The term “White Meat Babyface” (WMB) has been coined by wrestling fans to describe the Good Guy wrestler of the type popular in the 1980s. The WMB is always friendly and honest, a real boyscout.
He is usually young, fit, cute, and wears bright, eye-catching gear. In any match, he will enjoy some early shine, but he will also fall for every dirty trick by his cruel opponent and generally get his ass kicked until he rallies to a victory.
I recently saw these images from a wrestling show in England featuring a pair of White Meat Babyfaces known as the “Lionhearts” (their team name just screams of bravery, undaunted hopefulness, and all around White Meat Baby-Face-ity.)
Eddie Ryan is the more mature stud with the well-groomed goatee and mustache. Jason Larusso is the younger buck with those unusual white boots that expose his calf muscles. You just know one of these pretty-boys, probably Larusso, is about to be tortured relentlessly and you can hardly wait for the fun to begin…
The match unfolds according to the usual formula — the White Meat Babyfaces using their fancy high-flying double-team moves (evidence of their strong, effective inter-personal relationship) to dominate early. We know that soon they will lose momentum thanks to some nasty sneak attack and the bald, over-sized bastards known as “Team H8” (Jeckel and Gideon) will begin to chew them up.
I’ve seen this same formula play out thousands of times before, but it still gets me every time. I am helpless against their Babyface manipulations, my heartstrings are stroked by the Good Guys like a musical instrument. I am like Pavlov’s dogs or something — ring the bell and I salivate for the nearest White Meat Babyface.

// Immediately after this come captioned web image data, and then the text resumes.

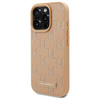 Karl Lagerfeld nakładka do iPhone 16 Pro 6,3&quot; KLHMP16LPKHPORPE beżowa Hardcase Leather Monogram Metal Logo MagSafe
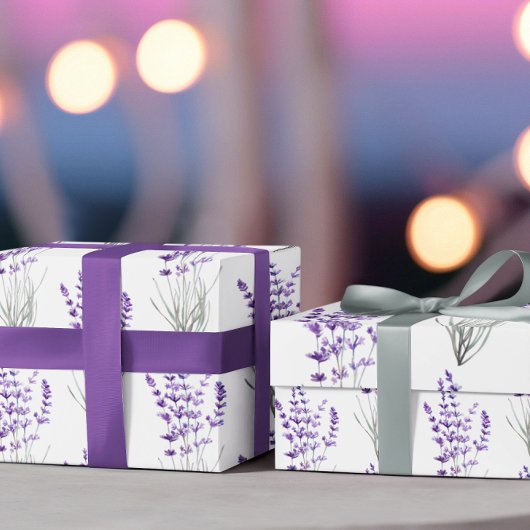 Lavender Wrapping Paper Sheets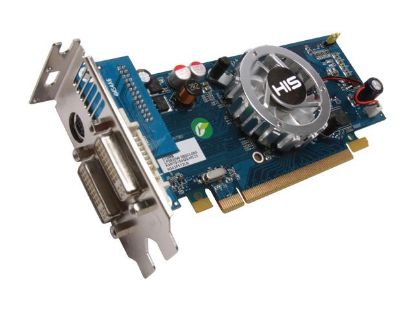 Picture of HIS H345F512LNP Radeon HD 3450 512MB 64-bit GDDR2 PCI Express 2.0 x16 HDCP Ready CrossFireX Support Low Profile Ready Video Card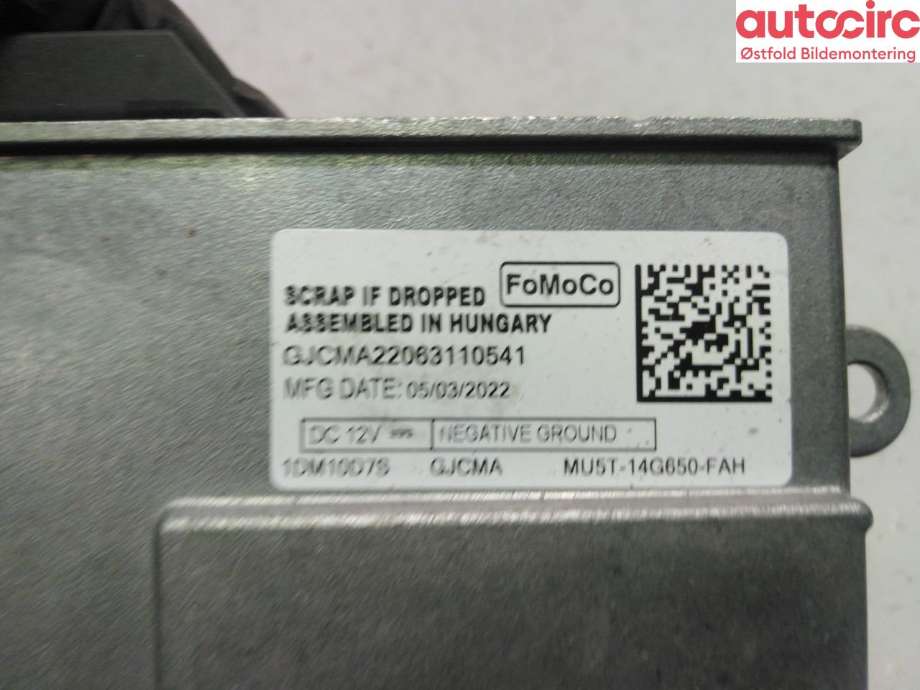 Styreenhet diverse til Ford E-Transit 2022-->>  (FORD|2655726||MU5T14G650FAH)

In our cynical, post-modern society, we aren’t supposed to love WMBs any more. We’re supposed to be bored or want to vomit if a real Goody-Goody boy next door shows up. That’s why John Cena gets booed by anyone over age 14 or so.
Call me old-fashioned, but I still enjoy White Meat in my diet. I guess I never got out of the 80s. I still love it when the innocent, dough-eyed little Good Guy puts his heart and soul into winning fair and square, only to be cheated and punished unjustly.
This match is taking place in England where the WMB has long been an audience favorite since the says of “Kid” McCoy, Davey “Boy” Smith, and other clean-cut underdogs who always seemed to get into trouble and spend much of the match sprawled out on the canvas like a deflated balloon.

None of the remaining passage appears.